Глава 5. ЖЖ. Записки записного краеведа. 20 декабря

   «…Боже мой! Это невероятно – такой экспириенс на старости лет! Или я… попросту сошёл с ума?! Я читал о странностях человеческой психики, о том, на что способны нервные окончания, как иллюзорна та картина мира, которую мы все считаем истинной. Но это было сухой теорией или набором экстравагантных фактов. И вдруг я сам очутился внутри дешёвого ужастика!
   Но обо всём по порядку.
   Итак, я без удовольствия проделывал то, что подобает пенсионеру немецкого значения: ходил на встречи с дальними родственниками и бывшими коллегами, раздавал сувениры, разглядывал и демонстрировал семейные фото, посещал кладбища и дружеские посиделки. Невероятная скука.
   Почему-то мне совершенно не работалось. Несколько раз я выходил на свою страничку в Сети, тупо разглядывал густо облепившие её рекламки неприличных сайтов и – выключал ноутбук. Новые впечатления никак не хотели укладываться в положенное число знаков ежедневного урока.
   Наконец, я понял, в чём дело – мешали воспоминания. Они обступили меня, теснились, кричали, перебивая друг друга, так что я ничего не мог понять в их разноголосом гомоне… Что ж, придётся сделать то, чего мне так не хотелось все эти годы – систематизировать собственное прошлое, разложить его по полочкам в моём виртуальном кабинете… Ободрённый этими мыслями, я решил вначале исполнить одно деловое поручение, а уж после с головой нырнуть в мутную Лету.

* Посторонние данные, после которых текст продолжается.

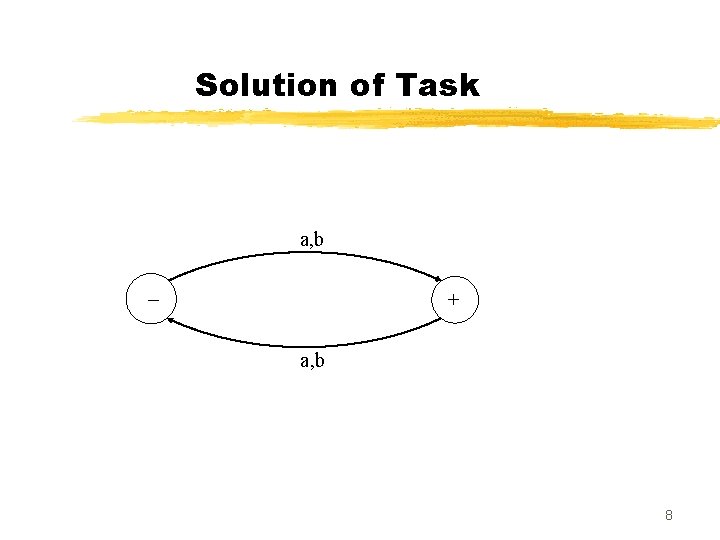 Solution of Task a, b – + a, b 8 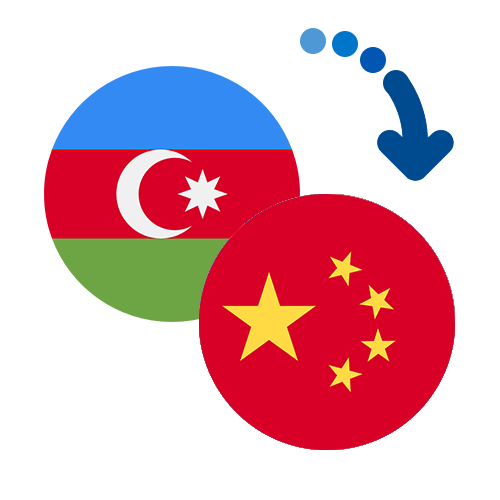 How to send money from Azerbaijan to China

   Один мой берлинский приятель, с юных лет влюблённый в историю города Зоркого, попросил меня посетить редакцию журнала под странным и смешным названием «Книгоман». Я должен был получить авторские номера с публикациями его статей, а также разузнать о том, как двигается в издательстве, коему и принадлежал журнал, проект его книги, разумеется, посвящённой истории любимого города.
   По приезде я сделал звонок главному редактору, даме с тонким девчачьим голоском, договорился о встрече. Придя на рандеву в назначенное время, я однако обнаружил в офисе лишь директора издательства, молодого бородача с бегающими глазками. Он без обиняков сообщил, что главный редактор, она же его супруга, сидит дома с приболевшими детьми, сотрудников у неё нет, а издание книги вновь задерживается на неопределенный срок по техническим причинам, после чего вручил мне пачку журналов и выпроводил вон.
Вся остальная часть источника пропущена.